One of Blockchain’s core strengths is its ability to allow for a verifiable transaction to take place without the need for central database or oversight authority. Traditional transactions requires a central authority overseeing or simply recording the transaction to prevent fraud and to provide a verifiable record of was has transpired. Blockchain supplants this requirement with “cryptographic proof instead of trust, allowing any two willing parties to transact directly with each other without the need for a trusted third party”. The consequences of this breakthrough are hard to overstate.

A Blockchain transaction begins with two willing parties to a transaction. The payor’s equity stake, or coin, is recorded as a transaction in a chain of cryptographic blocks secured with his public key, a hash, and the private key of the person he bought his equity stake from and embedded in a “proof of work” block.
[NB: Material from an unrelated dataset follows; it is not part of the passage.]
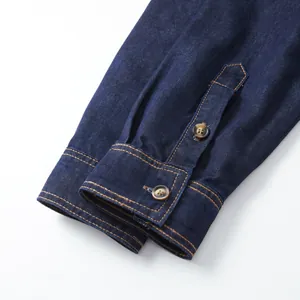 Close-up detail of denim shirt cuff with brown buttons and contrast stitching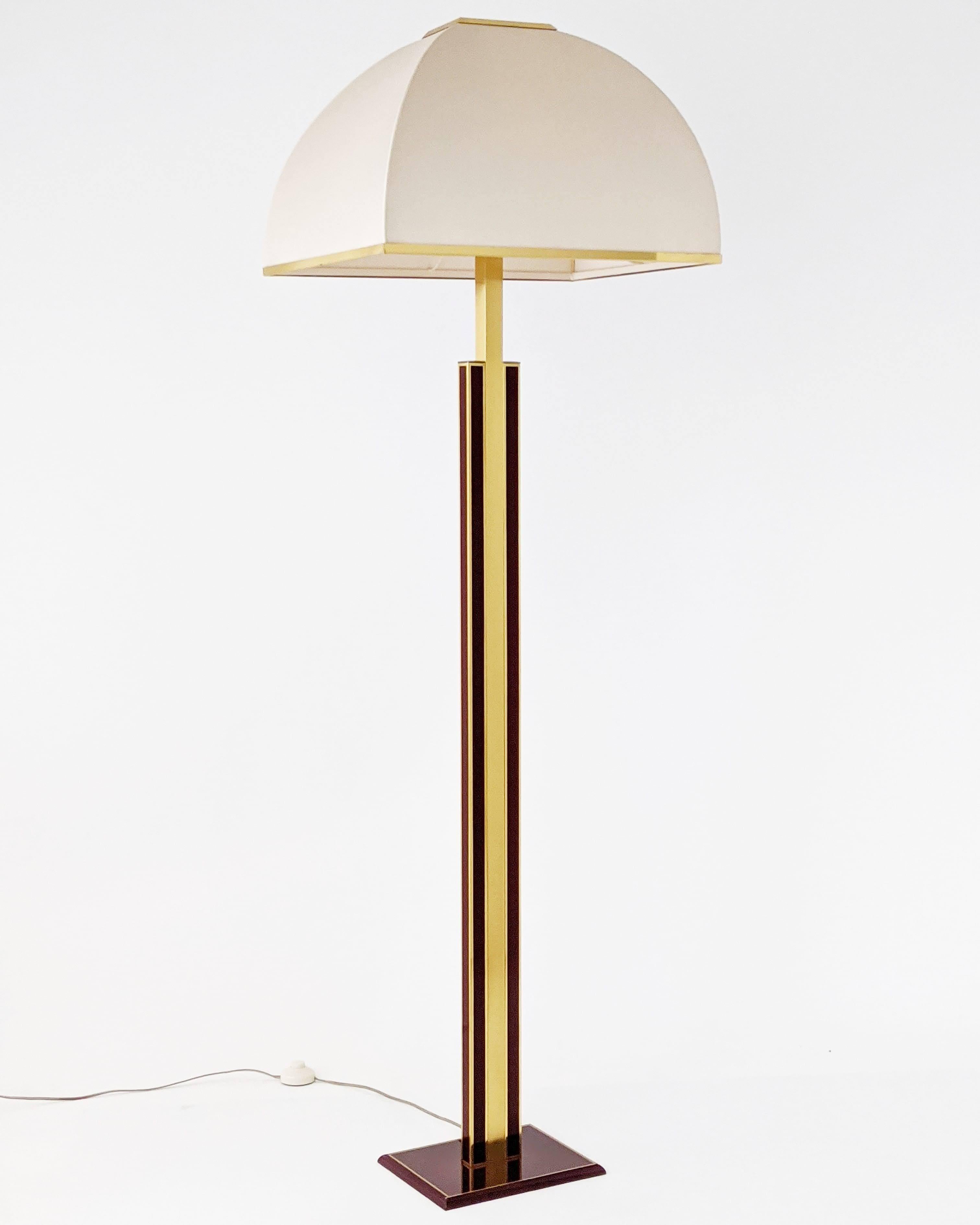 Rare, elegant Romeo Rega floor lamp made of thick brass with original beige fabric washable shade.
The payer then digitally signs a hash of this prior transaction and the public key of the next owner with his private key and then adds this to the end of the coin. The payee can then verify the signatures to verify the chain of ownership. This one-way cryptographic hash is computationally impractical to reverse, and thus this interaction secures the ownership chain; however, it doesn’t provide a means to prevent a bad actor from duplicating (double spending) or reversing a transaction.

The traditional means of ensuring the authenticity of a one-way transaction and to eliminate the problem of double spending is to use a trusted third party such as a bank or some governing body overseeing the transaction. While this works, it relies on the goodness of the intermediary and a measure of blind faith. Unfortunately, the intermediary might have other loyalties, an institution could be manned by rogue employees, or the entity could be inundated with entitlement mentality. Thus, this uncertainty manifests itself as an increase in the cost of performing a transaction. It also and has an inherent and an unfortunate but accepted level of grift and risk associated with it.

To get around the need for a central authority, the author(s) of Bitcoin, the first Blockchain technology, employ a proof of work concept in which honest “miner” nodes compete with one another to search for the solution to a difficult secure hash. When a transaction happens, it is added to a pool of other recent transactions. These transactions are picked up by special nodes in a peer to peer distributed network called miners. These miner nodes then search for a specific result to a complex hash comprised from the previous block’s hash, a nonce, and a collection of recent transactions that begins with a specific number of zeros bits. The complexity in finding this hash increases exponentially with the number of zeros specified.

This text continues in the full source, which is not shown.